Though Gor Mahia treasurer Sally Bolo is saddened by the current state in the domestic league, she challenged the league organisers to rethink on their marketing strategy.
“Kenyan football is going down to the grave and we don’t know who is going to salvage it. As administrators, we are not happy when we see our players and staff suffer,” said Bolo.
“Gor Mahia and AFC Leopards are under the same predicament. Technically, these players are no longer our employees because we are now hitting to five months without paying them their salaries.
She added: “It is now clear most clubs have not met the minimum threshold of club licensing. Also, why are local companies like KCB and Equity bank going to other countries instead of sponsoring our league? It seems we are not doing well in terms of packaging and marketing our product and that’s why most of the corporate firms have shied away from sponsoring football.”
“We need to stop lamenting about SuperSport’s departure and start offering solutions to our problems.”
The situation is no different in hockey. Local clubs withdrew from the recently concluded Africa Hockey Club Championships in Ismailia, Egypt due to lack of funds.
This is the first time in many years that Kenya was not represented at a continental competition.

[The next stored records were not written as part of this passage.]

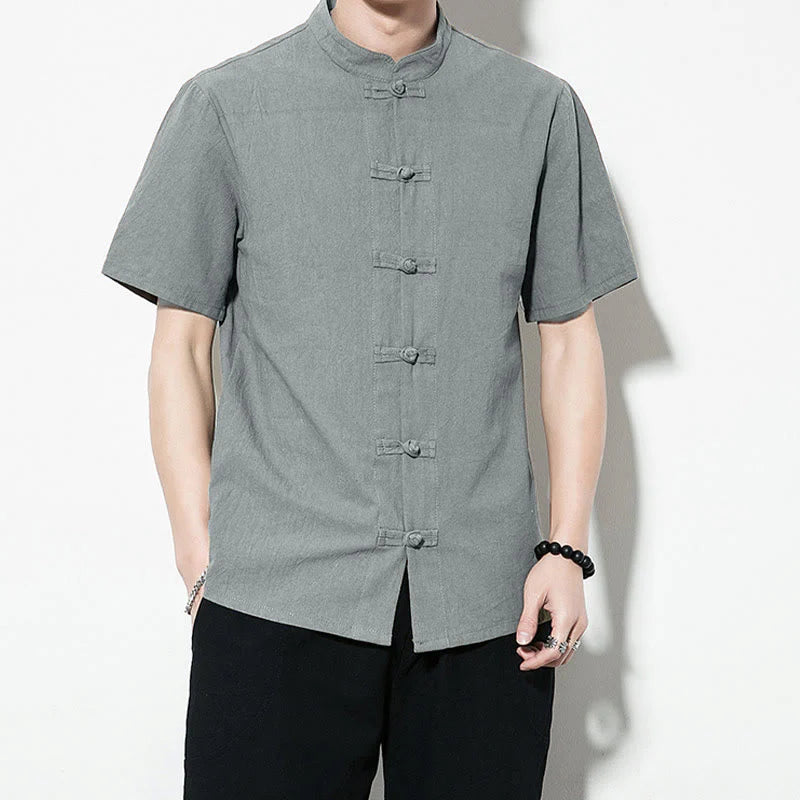 Buddha Stones Casual Solid Color Front Frog Buttons Chinese Tang Suit Short Sleeve Linen Men's Shirt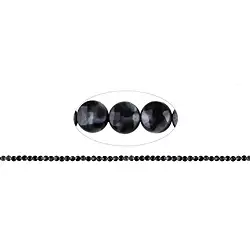 143560327120 Strand Coin, Gabbro (Mystic Merlinite), faceted, 06 x 04mm (39cm) | Marco Schreier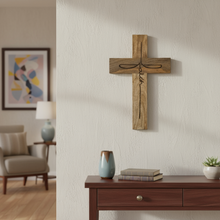 Load image into Gallery viewer, Faith Script Mango Wood Wall Cross – Natural Finish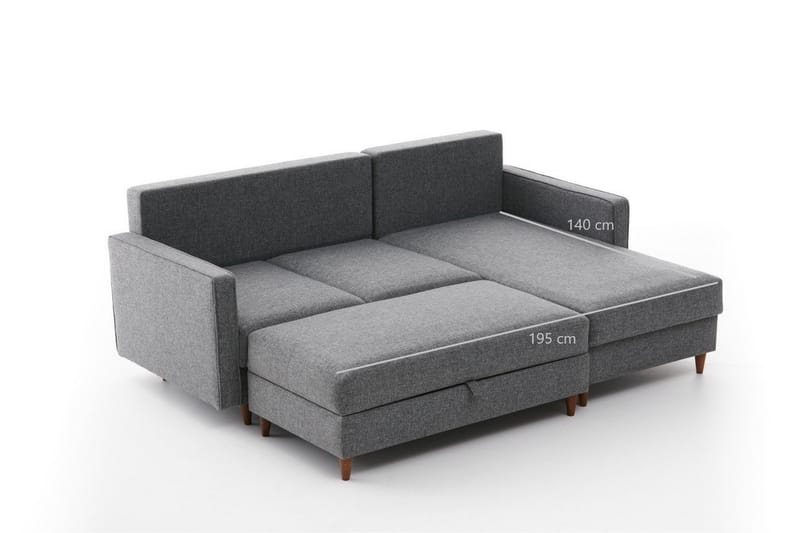 Braneles Soffa m. Divan 4-sits - Grå - Divansoffor & schäslongsoffa - 4 sits soffa med divan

Financial constraints forced men’s Premier League champions Butali Sugar Warriors and Kenya Police, who finished second last season pull out of the continental event.
Others who opted out are women’s champions Blazers, formerly Telkom, and runner-up Strathmore Scorpions.

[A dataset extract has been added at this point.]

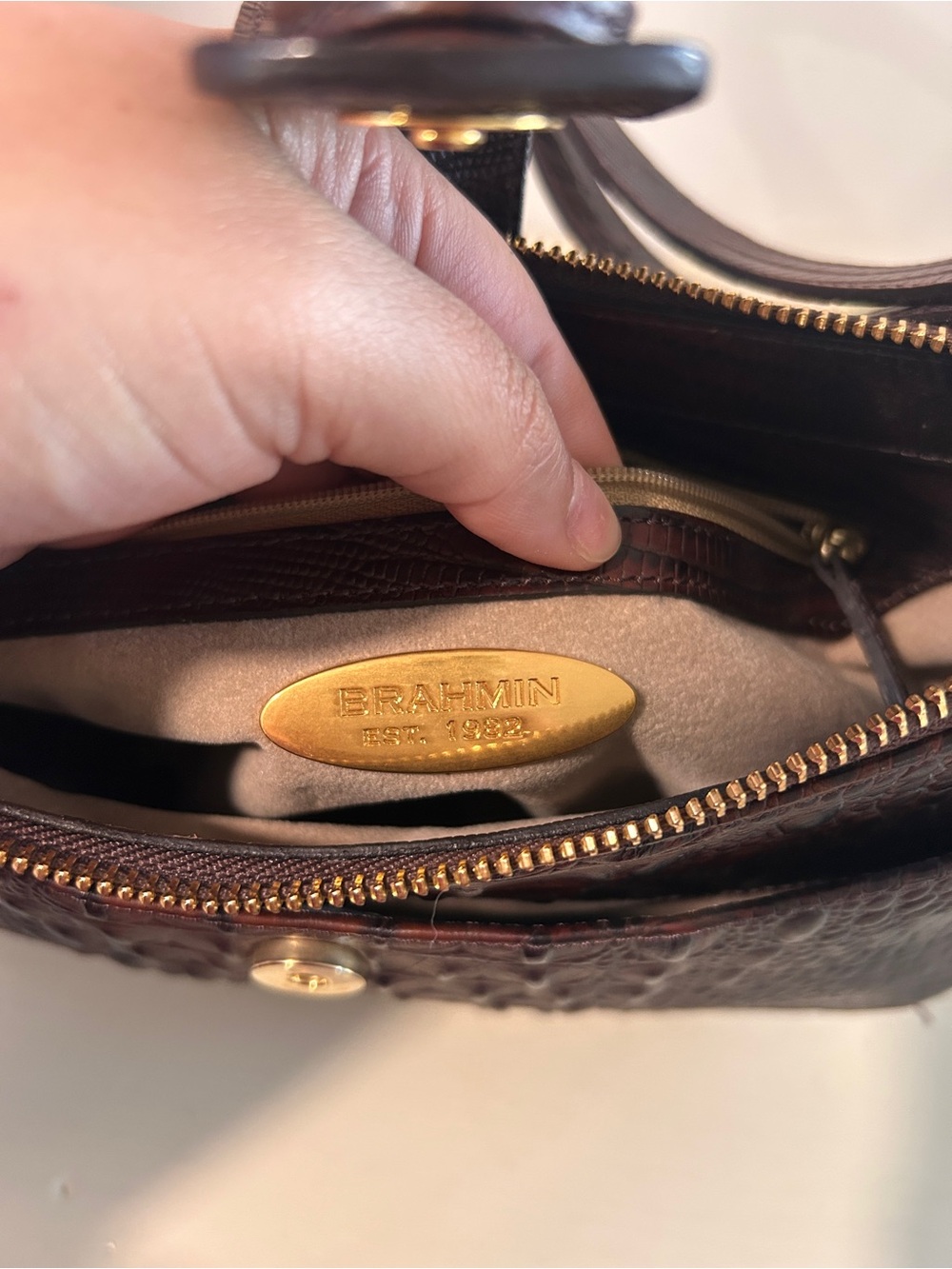 Brahmin Croc-Embossed Shoulder Bag in Deep Brown with Gold Accent - Picture 6 of 7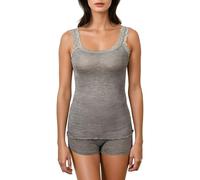EGI Women's Tank Top Wool Silk Elegant Lace Made in Italy Underjacket Underwear Top Women's High Quality Italian Fabrics and Production, Art. 1491, Medium Grey, S-M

“It is unfortunate that we didn’t have a representative in Egypt this year. But I don’t think if it is only a Kenyan problem because many teams from African powerhouses like Namibia and Zimbabwe skipped the tournament,” said Kenya Hockey Union Chairman Nashon Randiek.
“Yes, we are experiencing tough economic times and many companies are running away from sponsoring sports due to the struggling economy. But that shouldn’t be an excuse for our teams not to participate in major tournaments.”

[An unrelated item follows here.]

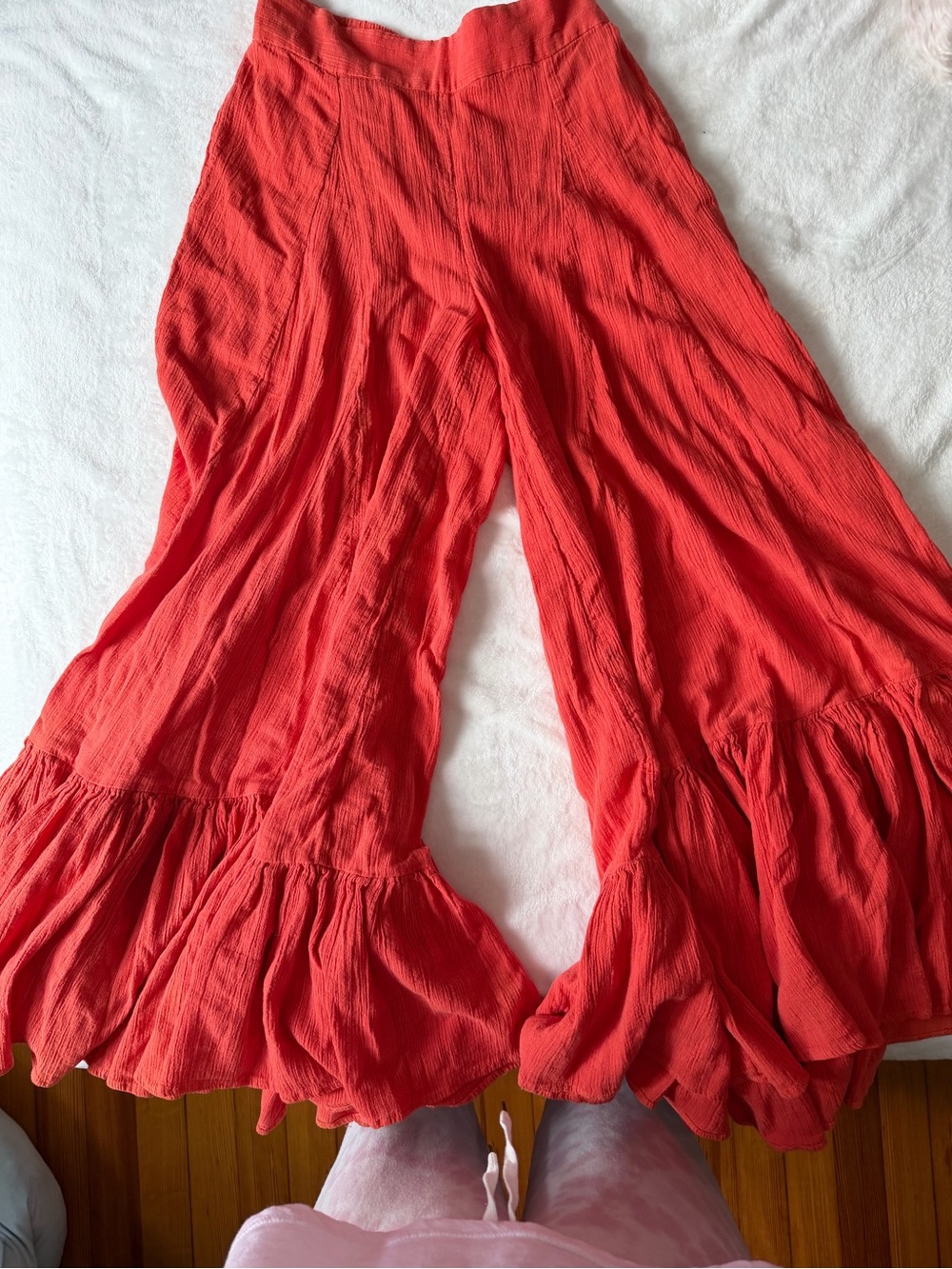 Women’s Free People Wide-Leg Ruffle Hem Pants - Red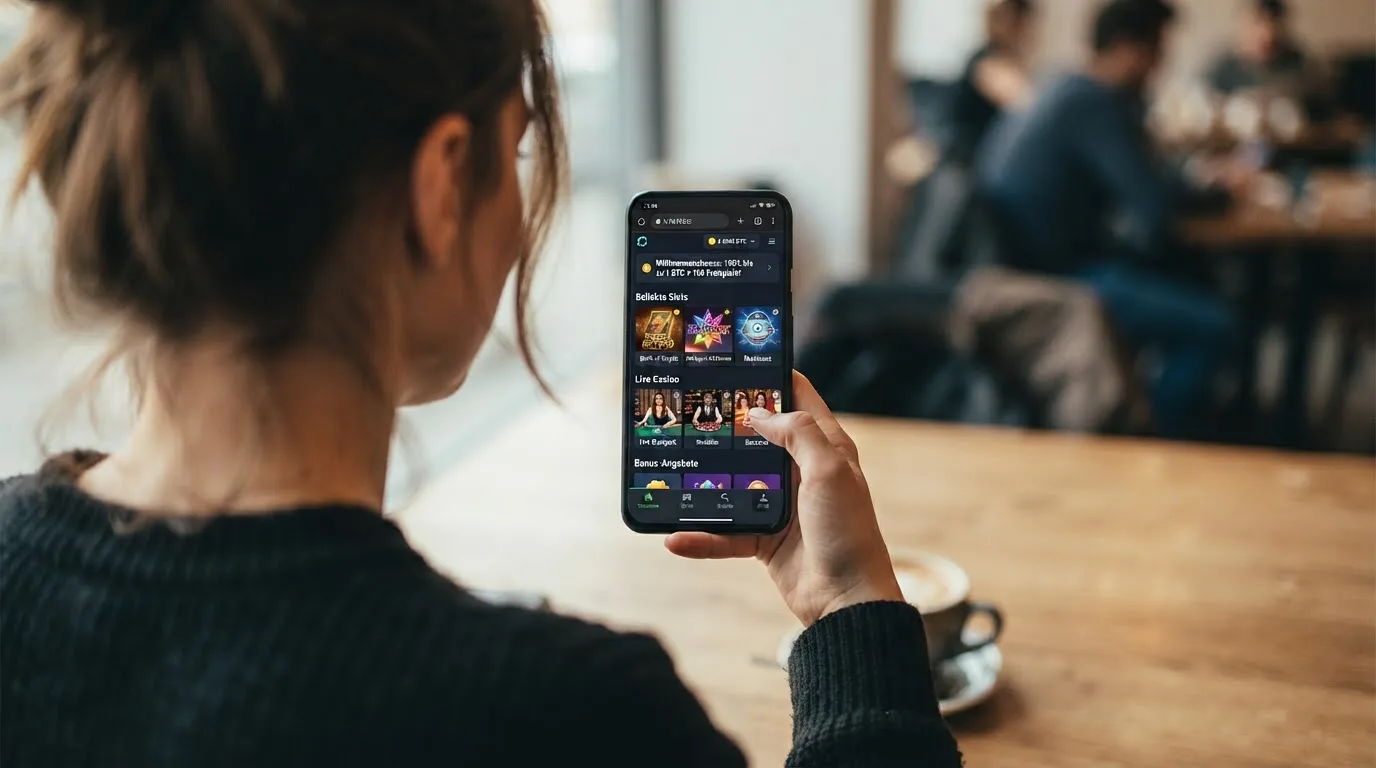 Smartphone in der Hand mit geöffnetem Krypto-Casino im mobilen Browser und Spielkacheln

“As federations, we need to start thinking of how to convince sponsors instead of banking too much on the government. Team sports are more technical and expensive in terms of preparation than individual sports.”
Swimming and volleyball have not been spared either. Kenya Swimming Federation (KSF) struggled to host the CANA Zone Three Championships as well as ensure their teams take part in international tournaments like World University Games, World Junior Championship, World Championship and Africa Junior Swimming Championship.
“It has not been easy, but we are glad to have honoured all our activities thanks to the support from parents. We even successfully hosted CANA Zone Three Championships. But the sour part of it is that we got no help from the government,” said KSF interim Chairman Patrick Muyah.
“We are still talking to our partners to see if they can bail us out from the heavy debt we incurred during CANA. We had a budget of Sh24m, but we only managed to raise Sh9m. This forced us to switch the national swimming championship to Mombasa.”
It has been the same scenario at the Kenya Volleyball Federation where they have struggled to run their regular league.
“Honestly speaking, we are in the red. The collections we get from clubs can’t run the league. It has not been an easy year for us,” said KVF treasurer Kenneth Tonui.
The recall of Kenya Prisons’ women team from the African Club Championship in Egypt in March after a dismal show in the preliminary round that was occasioned by bungled travel arrangements due to lack of funds, summed up the difficult situation of most local clubs.
The Kenya Rugby Union (KRU) also felt the heat of the struggling economy as they were forced to source for flight tickets and accommodation from the World Rugby and Sh1m (Sh Sh500, 000 for preparation and a similar amount for travel insurance and allowances) from the National Olympic Committee of Kenya (NOC-K) for Kenya Lionesses’ participation at the Olympic qualifying tournament in Tunisia.
Basketball also had their financial issues that saw Kenya Ports Authority women’s basketball team fail to grace the Africa Club Championships in Cairo this month due to lack of funds.